Dabei bezieht sich Russlands Präsident Putin und viele andere auf einen Satz des früheren US-Außenministers James Baker, der im Frühjahr 1990 gesagt hat, dass sich die Nato im Zuge der Wiedervereinigung Deutschlands nicht nach Osten ausdehnen solle. Wichtig ist, dass dieser Satz im Rahmen der Zwei-plus-Vier-Gespräche zur Wiedervereinigung Deutschlands fiel; sich dieser Satz also nur auf die fünf neuen Bundesländer bezog. Von einer Osterweiterung, wie wir sie heute verstehen, war damals keine Rede. Es hätte auch gar kein Sinn gemacht, bestand 1990 doch noch die Sowjetunion und der Warschauer Pakt, das militärische Pendant zur Nato. Die Zwei-plus-Vier-Gespräche kamen im September 1990 zu einem Ende. Dabei einigten sich die Vertragspartner USA, Sowjetunion, England, Frankreich sowie die Bundesrepublik und die DDR auf eine Beschränkung der Nato-Präsenz auf dem Gebiet der dann ehemaligen DDR. Heißt: Es dürfen in den neuen Bundesländern keine Nuklearwaffen und keine fremden Truppen stationiert sein. Alles darüber hinaus Gehende war, wie der frühere Präsident der Sowjetunion, Michail Gorbatschow, immer wieder sagt, kein Thema. Es ahnte ja niemand, dass die Sowjetunion und damit auch der Warschauer Pakt ein Jahr später zerfallen sollten.

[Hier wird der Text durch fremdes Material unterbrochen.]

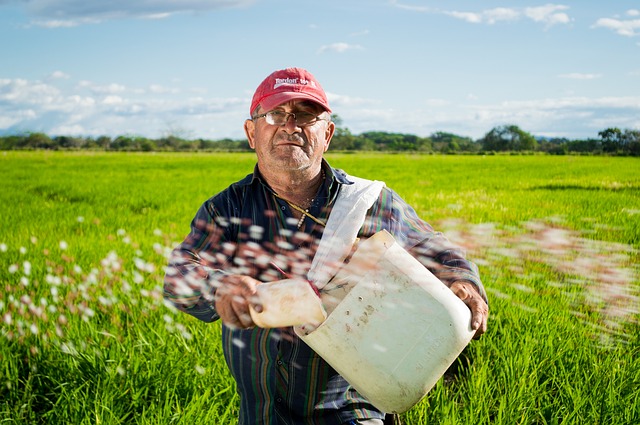 Como emitir nota fiscal eletrônica de produtor rural SP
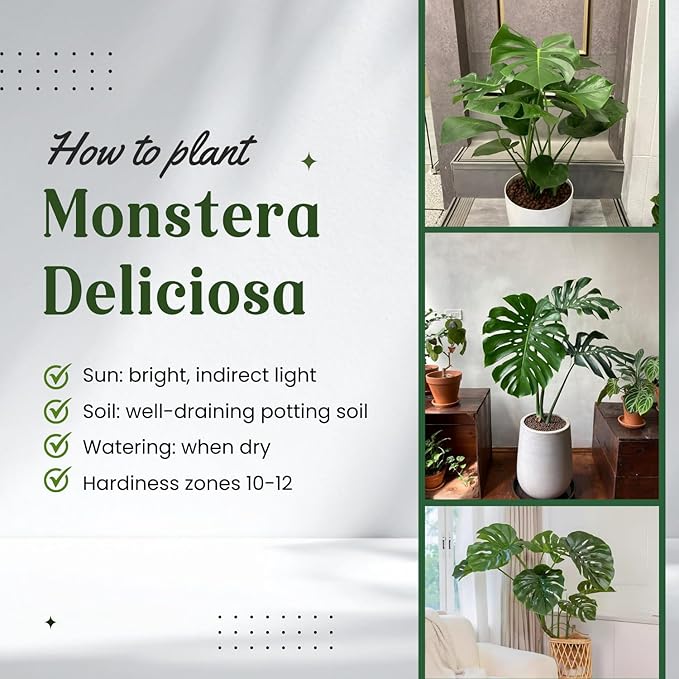 Monstera Deliciosa Live Plant, Live Swiss Cheese Plant Indoor, 4 Inch Pot
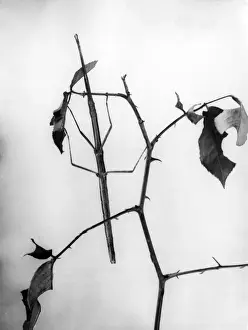 Vintage Insect Prints: Stick Insect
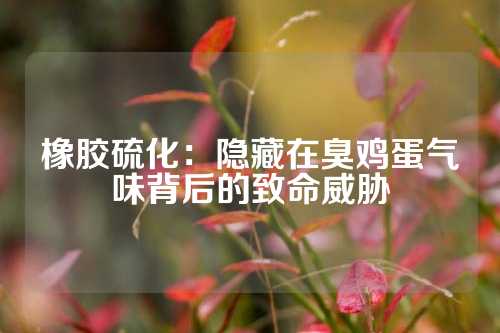 橡胶硫化：隐藏在臭鸡蛋气味背后的致命威胁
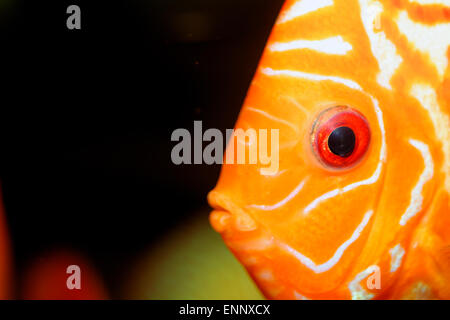 Sehr schönes Portrait von orange Discu Fisch. Stockfoto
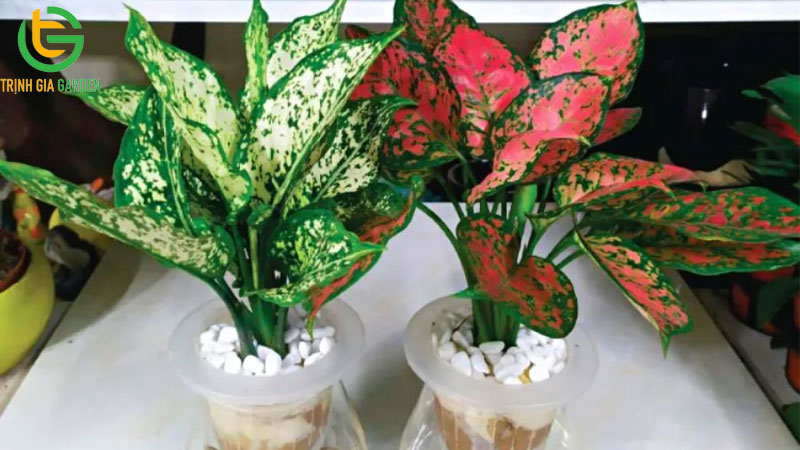 Cây vạn lộc: Ý nghĩa, cách trồng và chăm sóc tại nhà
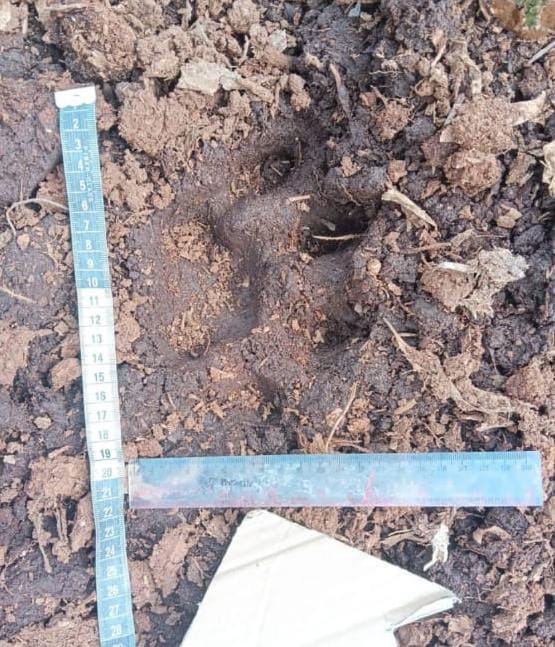 Bocah di Pelalawan Riau Tewas Diterkam Harimau Sumatera
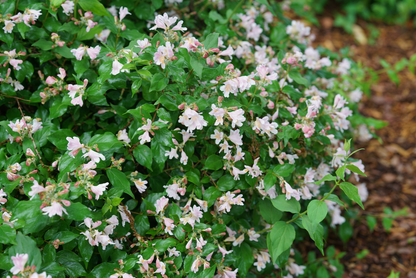 Jolene Jolene® Beautybush (Kolkwitzia)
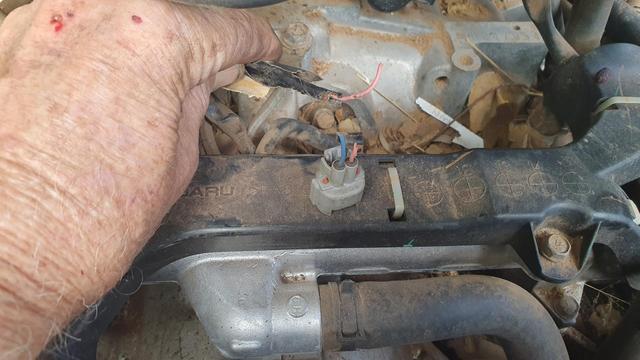 Plug and chewed through wires.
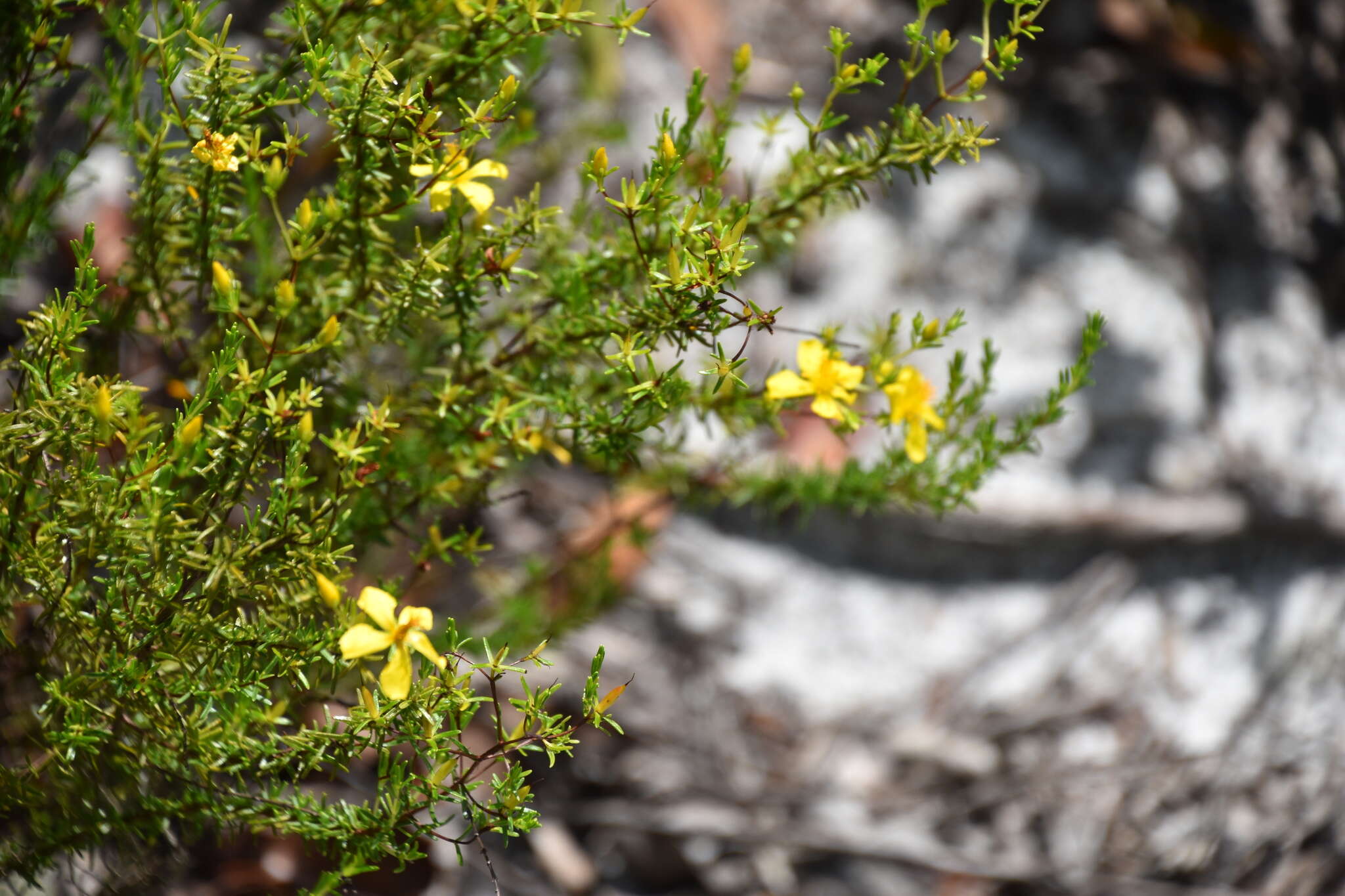 Image of Atlantic St. John's-Wort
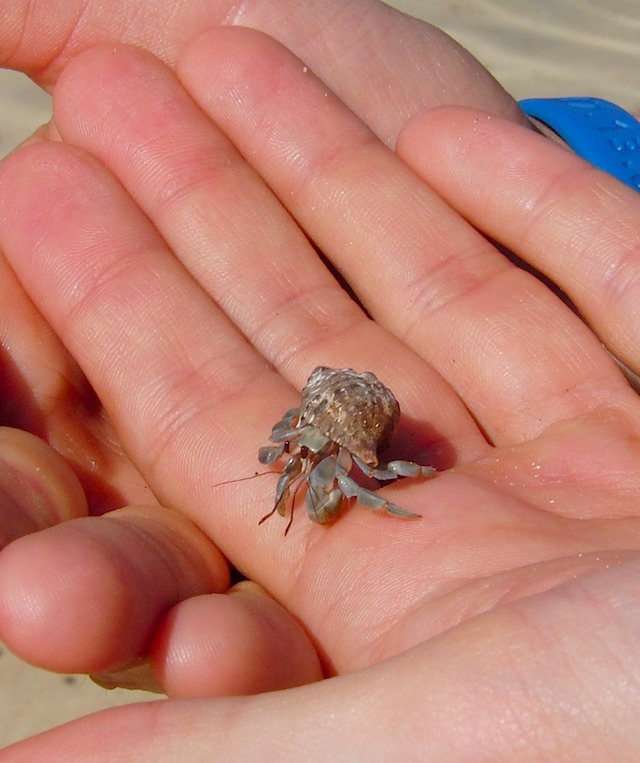 Hermit crab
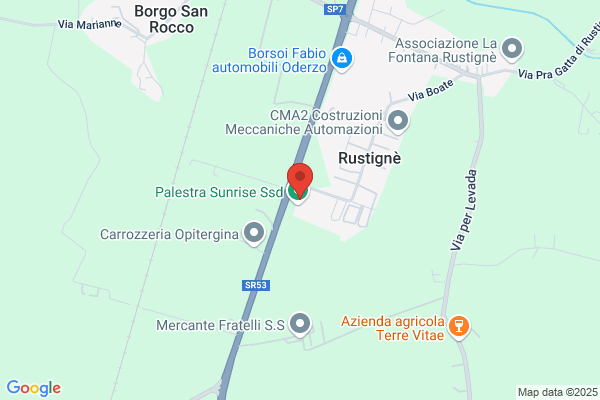 Ninotti siro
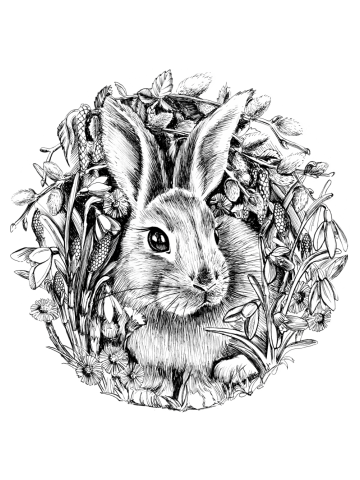 Spring rabbit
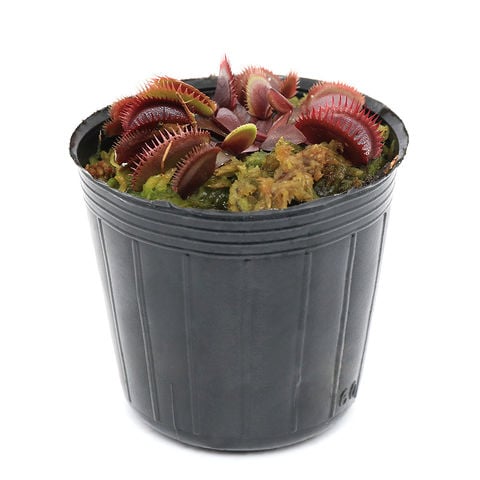 dショッピング |（食虫植物）ハエトリソウ レッドピラニア 2号（1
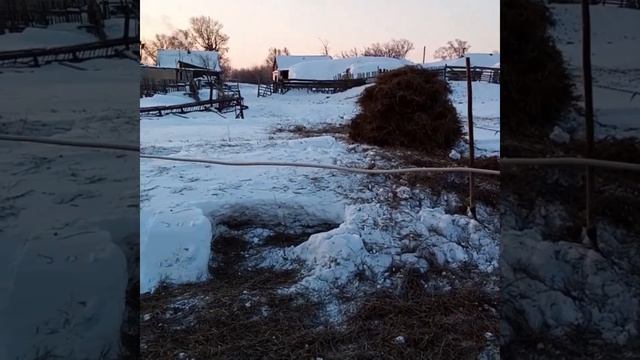 Содержание овец зимой без выпаса\жизнь в деревне смотреть онлайн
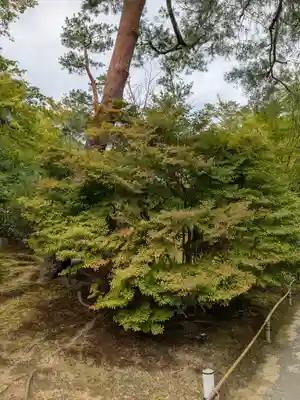 宝厳院(京都府)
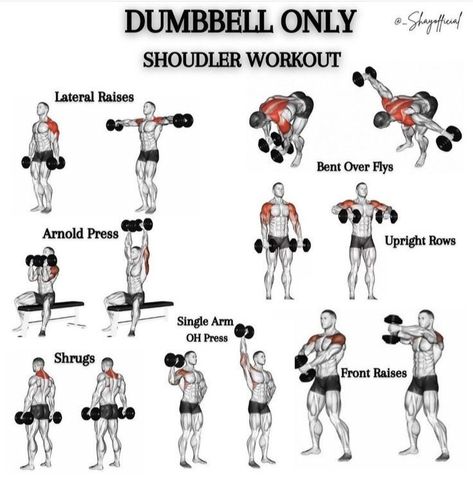 Dumbbell Workout Plan, Workout Chest, Chest Workout Routine, Dumbbell Workouts, Workout Gym Routine, Full Body Dumbbell Workout, Workout Program Gym, Dumbell Workout, Bodybuilding Workout Plan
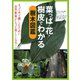 葉っぱ・花・樹皮でわかる 樹木図鑑（池田書店）（PHP研究所） [電子書籍]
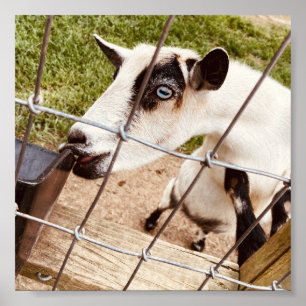 blauwe geoogte poster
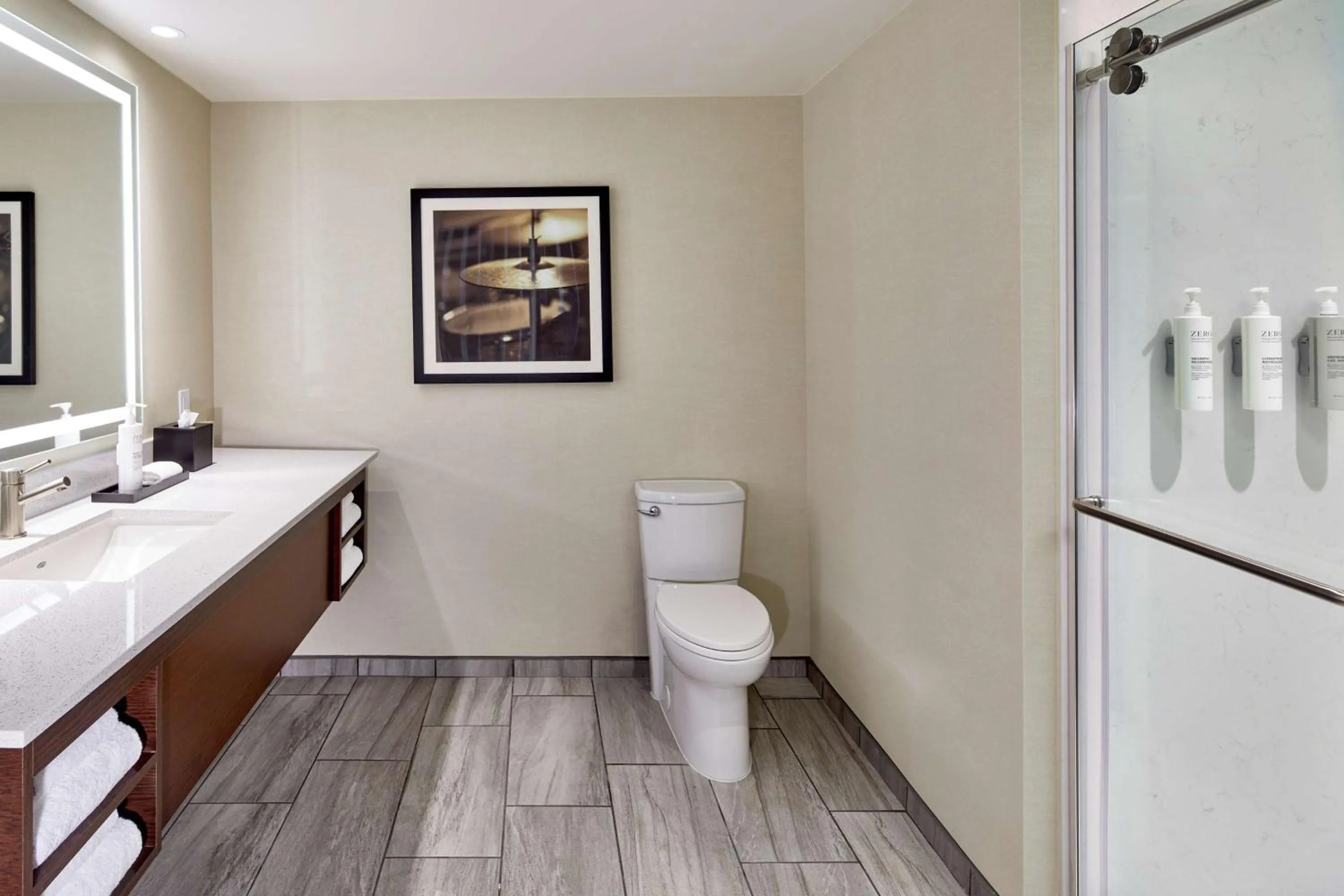 Bathroom in Embassy Suites by Hilton Nashville Downtown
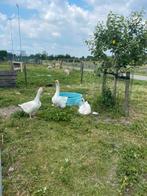 Boeren ganzen, Meerdere dieren, Gans of Zwaan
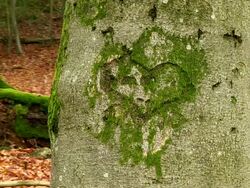 CU Shot of heart drow on tree at autumnal woodland / Orscholz, Saarland, Germany Stock Footage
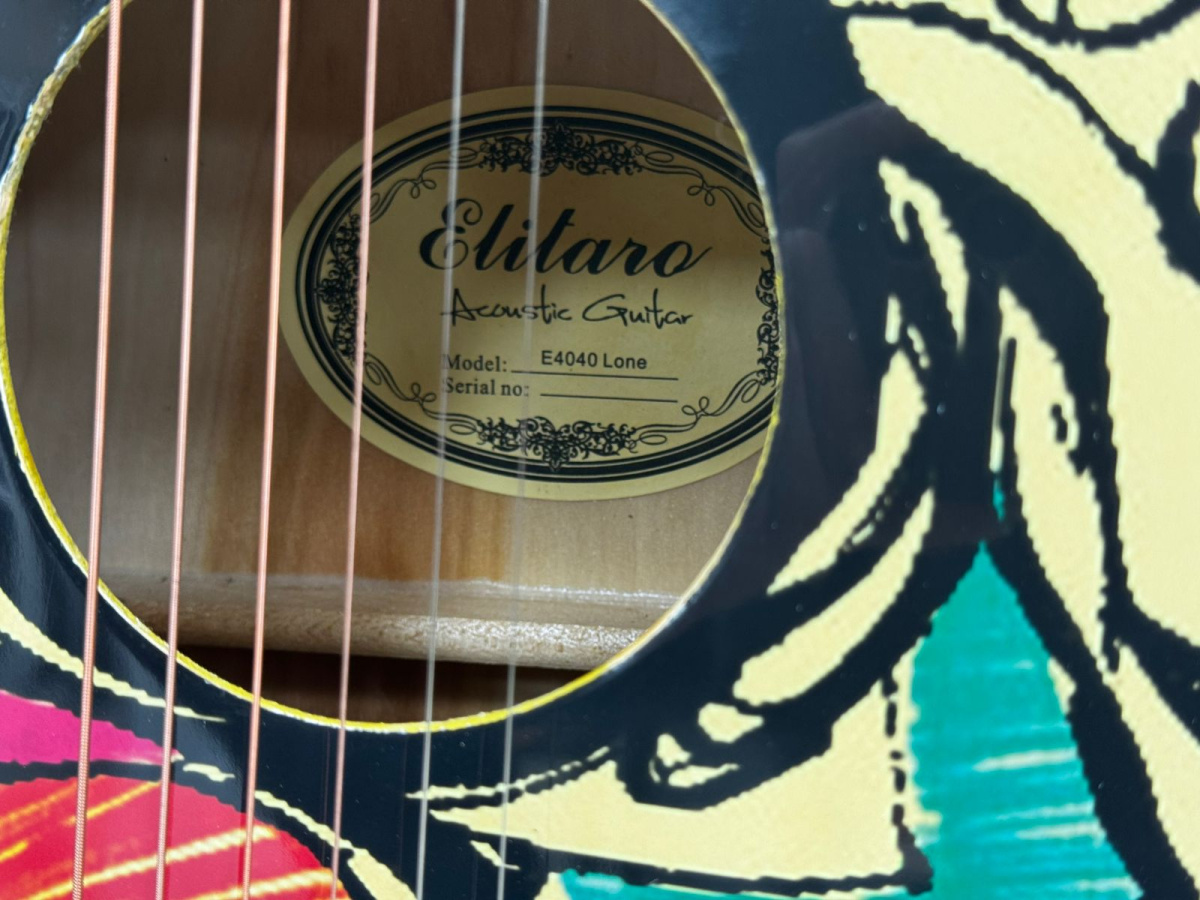 Гитара акустическая Elitaro E4040 Lone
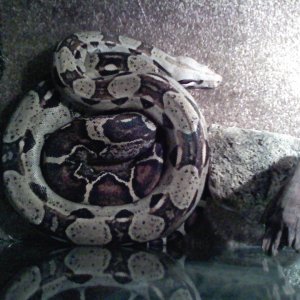Madusa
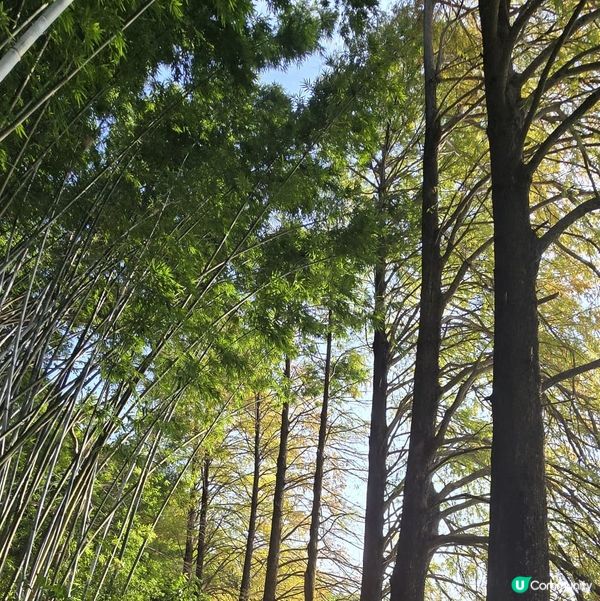 深圳仙湖植物園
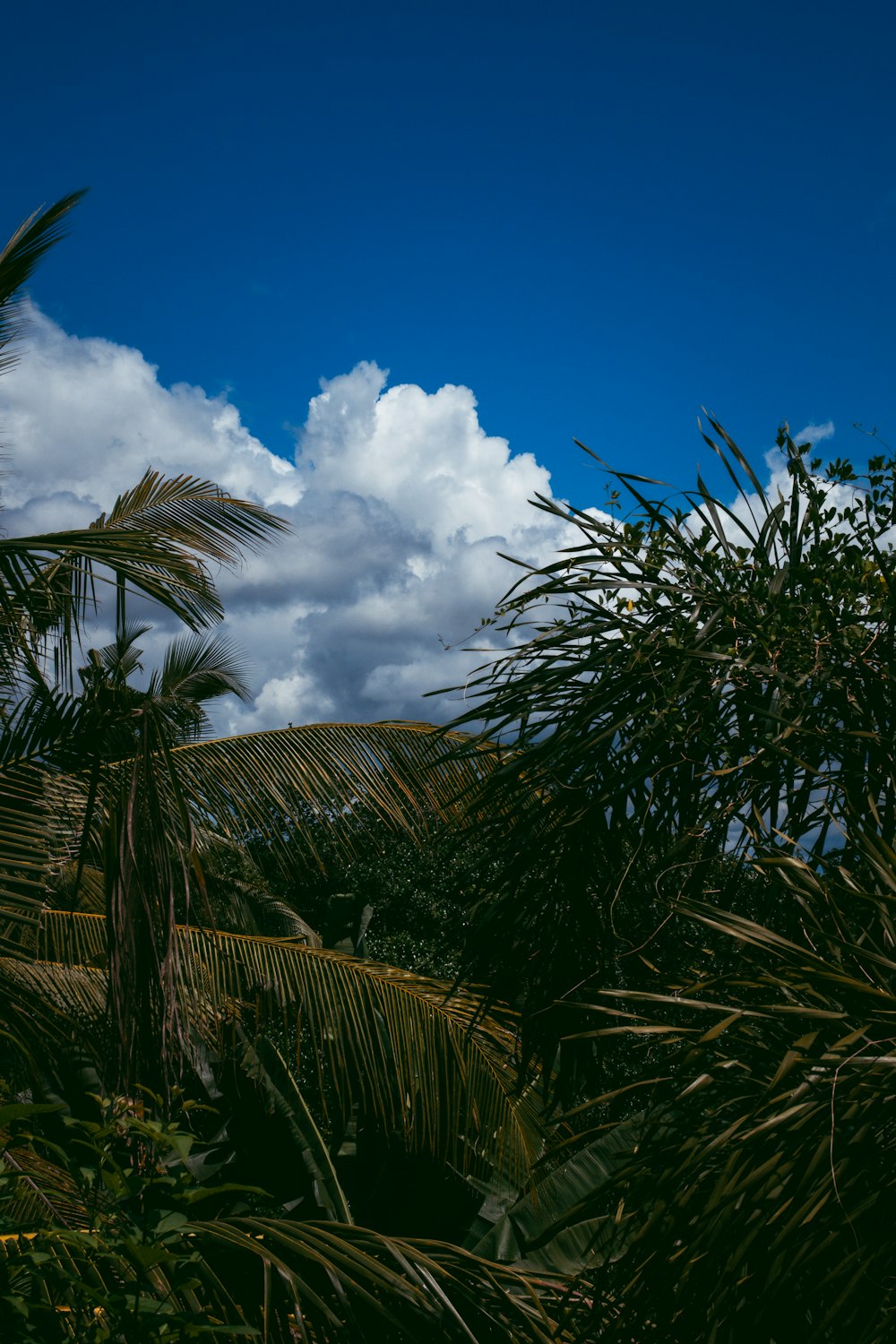 a blue sky with clouds and palm trees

Erst der beginnende Zerfall der Sowjetunion ab dem Frühjahr 1991 brachte die Nato-Frage wieder auf den Tisch. Wobei westliche Politiker eher abweisend waren. Niemand in den westlichen Hauptstädten wollte die ehemaligen Warschauer-Pakt-Staaten jetzt in der Nato haben. Erst die Unruhen im inneren Russland, den Krisen in Moldau und Georgien und der Krieg in Tschetschenien lösten unter den früheren Warschauer-Pakt-Staaten eine enorme Dynamik gen Nato aus. In vielen Staaten des ehemaligen Ostblocks gewannen Mitte der 1990er Jahre pro-europäische Kräfte Wahlen und diese Kräfte ließen keinen Zweifel daran, dass sie in die Nato wollten. Es war eine Dynamik, die nicht zu stoppen war, und so entschieden sich die Nato-Staaten doch dazu, die Türen aufzumachen – in enger Abstimmung mit Russland. 1997 wurde ein Vertrag mit Russland geschlossen (Nato-Russland-Grundakte), der eine Nato-Erweiterung gen Osten unter der Bedingung, dass keine atomaren Waffen in diesen Ländern stationiert würden, ermöglichte. Und bis mindestens 2004 hatte Putin damit auch kein Problem. Zum Nato-Beitritt der Balten 2004 erklärte er in einer Pressekonferenz im Beisein des damaligen Bundeskanzlers Gerhard Schröder, dass sich die Beziehungen Russlands zur Nato erfreulich entwickelte. Das Sicherheitsbedürfnis Russlands würde mit dieser Erweiterung nicht tangiert. Und er betonte damals sogar, dass jedes Land das Recht habe, seine Form der Sicherheit zu wählen.
Der Ton hat sich geändert. Aber dieser Ton bildet die Realität immer weniger ab. Er bringt tatsächliche Fehler, wie der Entscheid, den Rubel dem freien Handel auszusetzen (es war in den Augen des Autors der Kardinalfehler), sogar zum Verschwinden. Weswegen der Diskurs immer knapp an den Realitäten vorbeiläuft. Die Konsequenz: Über die Jahre erodieren die Fundamente eines gelingenden Gesprächs und damit auch das gegenseitige Verstehen. Heißt im Umkehrschluss, ein paar grundlegende und gemeinsame Fakten müssen als Stützen wieder verbaut werden, damit der Dialog in Gang kommt und wir uns vielleicht wieder etwas besser verstehen lernen.